If you like the idea of cities and other local agencies encouraging broadband development and deciding to go into the business themselves – as I do – then FCC chair Tom Wheeler’s talk about sweeping away state-level restrictions is sweet music to the ears.
The City of Chattanooga certainly enjoys the tune. It filed a petition with the FCC on Thursday, asking it to override a Tennessee law that prevents it from expanding its fiber-to-the-home network.
Muni broadband advocates seem to assume that Wheeler will issue an order along the lines of “states shall not restrict muni broadband”. Something clean and clear, that leaves no room for legal ambiguity or weaseling by lobbyists.
That’s a bad assumption.
Wheeler has delegated Internet policymaking – in particular, regarding network neutrality – to his fellow lobbyists former colleagues. To him, leadership is a matter of bringing the best-heeled lobbyists into a room and working out a deal that everyone can live with. Any muni broadband edict from the FCC will be vetted through that process.

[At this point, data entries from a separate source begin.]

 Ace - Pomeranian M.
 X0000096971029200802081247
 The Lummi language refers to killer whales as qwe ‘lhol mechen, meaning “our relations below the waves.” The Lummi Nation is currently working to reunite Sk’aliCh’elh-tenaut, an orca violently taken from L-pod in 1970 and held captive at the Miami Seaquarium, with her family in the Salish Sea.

The likeliest result will be a high-sounding declaration that proclaims the liberation of muni broadband while hobbling it with conditions and circumlocutions that cable and telephone company lobbyists can cheerfully exploit to stall projects, perhaps forever.
And if that proves insufficient to the needs of deep-pocketed incumbents, all they need do is go back to the FCC for another friendly conversation, as the National Conference of State Legislatures has pointed out. The messy business of arguing in front of state legislators or local officials will be gone.
As hard and as frustrating as community broadband battles are in Sacramento, local agencies and advocates can get in the fight and score victories. Once it moves inside the Beltway, we’re out of it. I’d rather be in a game we can occasionally win than one we’re locked out of from the start.